Lifting the ban under Trump in 2017 allowed the potential for mining and other development, primarily in Idaho and Nevada but also in parts of Montana, Oregon, Utah and Wyoming. Officials at the time said an analysis showed mining or grazing would not pose a significant threat to the ground-dwelling birds.
Winmill said in his ruling that the analysis was incomplete and ignored prior science on the issue.
Millions of sage grouse once roamed the West. Development, livestock grazing and an invasive grass that encourages wildfires reduced the bird's population to fewer than 500,000. The quirky birds with long, pointed tail feathers are known for the male's elaborate courtship display in which air sacs in the neck are inflated to make a popping sound.

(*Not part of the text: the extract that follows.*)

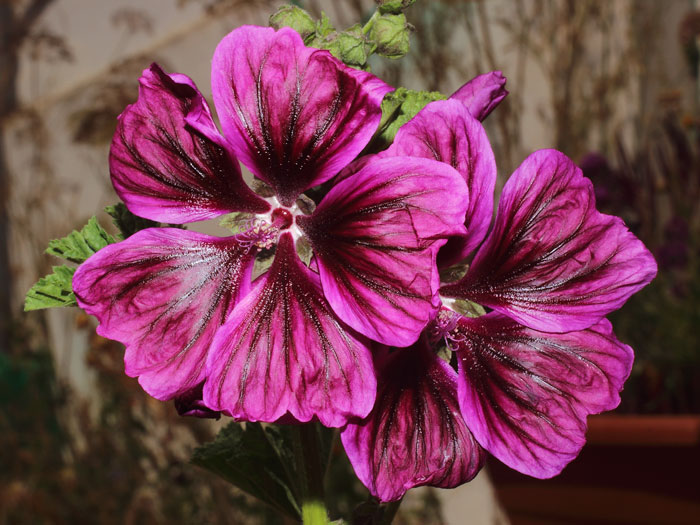 mp_malva_syl_2015_01.jpg
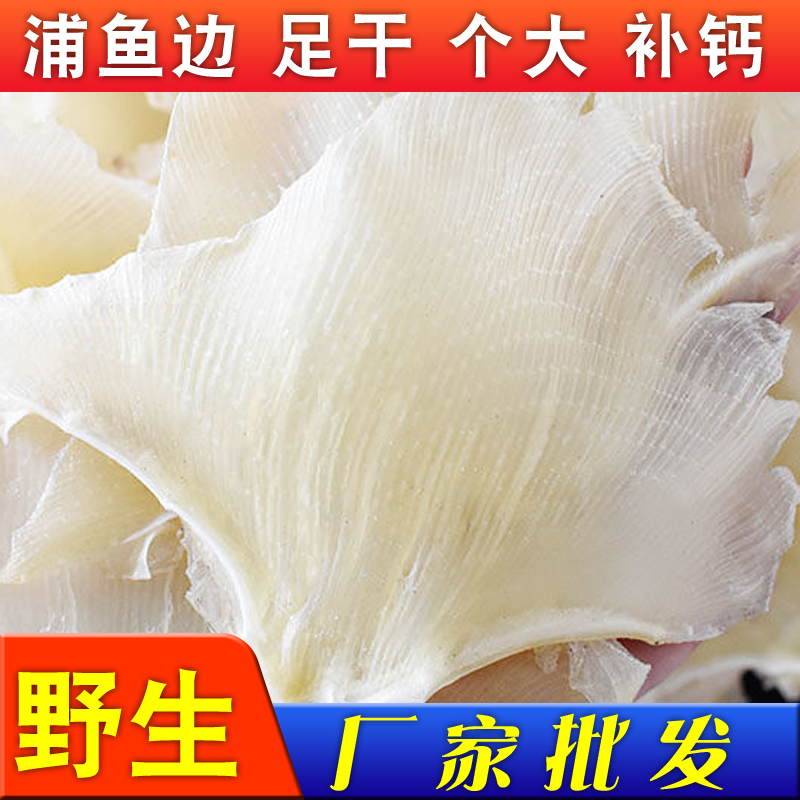 今年海狗翅浦鱼软骨新鲜水产干货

The Obama administration declined to place the bird under the protection of the Endangered Species Act, citing the mining withdrawal and habitat plans.
National Mining Association spokesperson Conor Bernstein said the group was disappointed in Thursday's ruling. He said the Trump administration had correctly decided that blocking mining across such a broad area was unreasonable.

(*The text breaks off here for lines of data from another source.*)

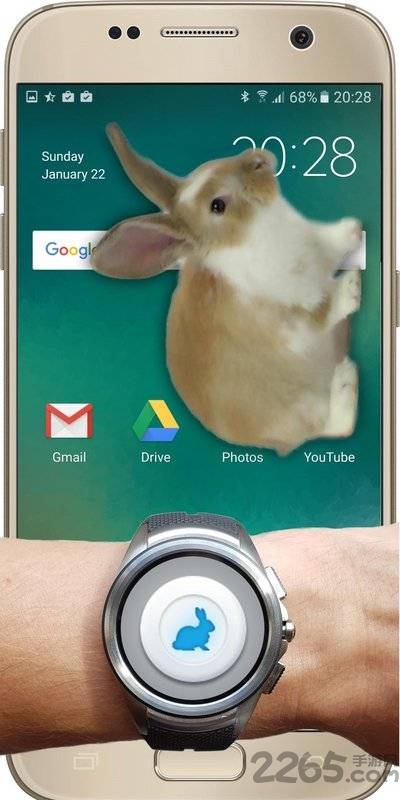 兔子在手机可爱的笑话app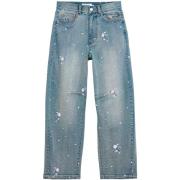 Straight Jeans Desigual SHINE 26SWDD36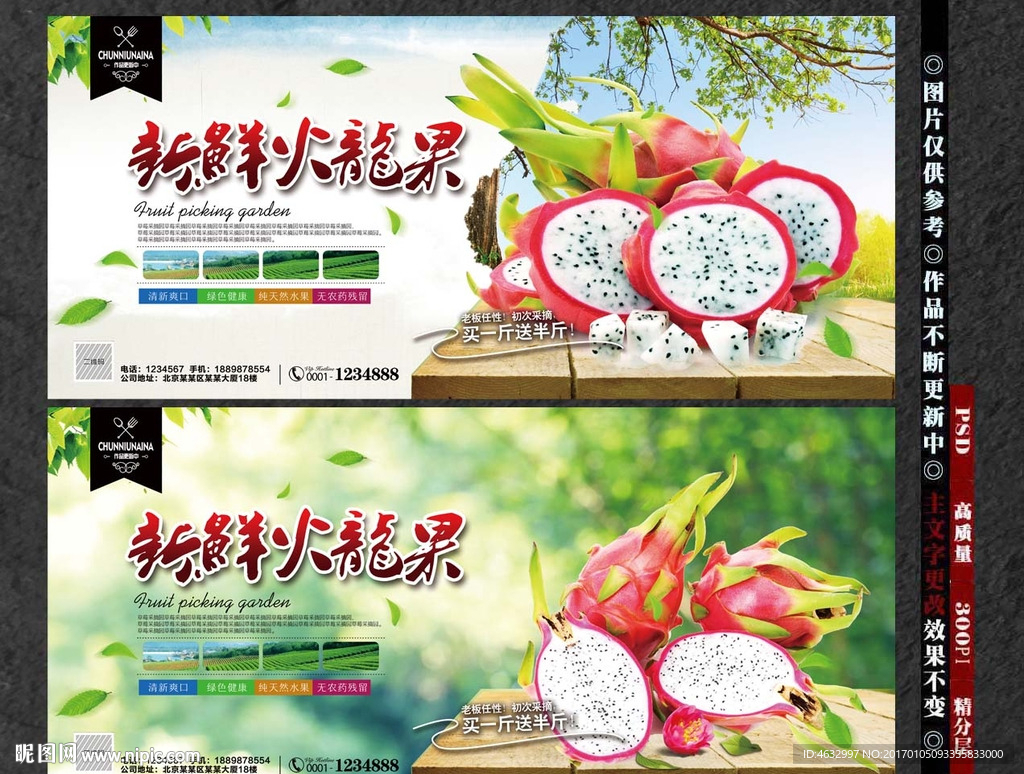 火龙果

"We still firmly believe that the science and the evidence in front of the agencies led them to the right conclusion," Bernstein said.
Interior Department spokeswoman Melissa Schwartz said officials were not commenting on Thursday's order.
Since Biden took office last month, Interior and other agencies have launched a broad review of Trump programs and policies affecting the environment, wildlife and public health. That includes reconsideration of sweeping land-use plans adopted under the former Republican president that would have relaxed sage grouse protection rules for agriculture, oil and gas and other industries in parts of seven states.
Winmill had blocked those plans in 2019 in a separate lawsuit brought by environmental groups. A review under Trump that was meant to justify the plans was not completed until his final days in office, which prevented them from being put into action.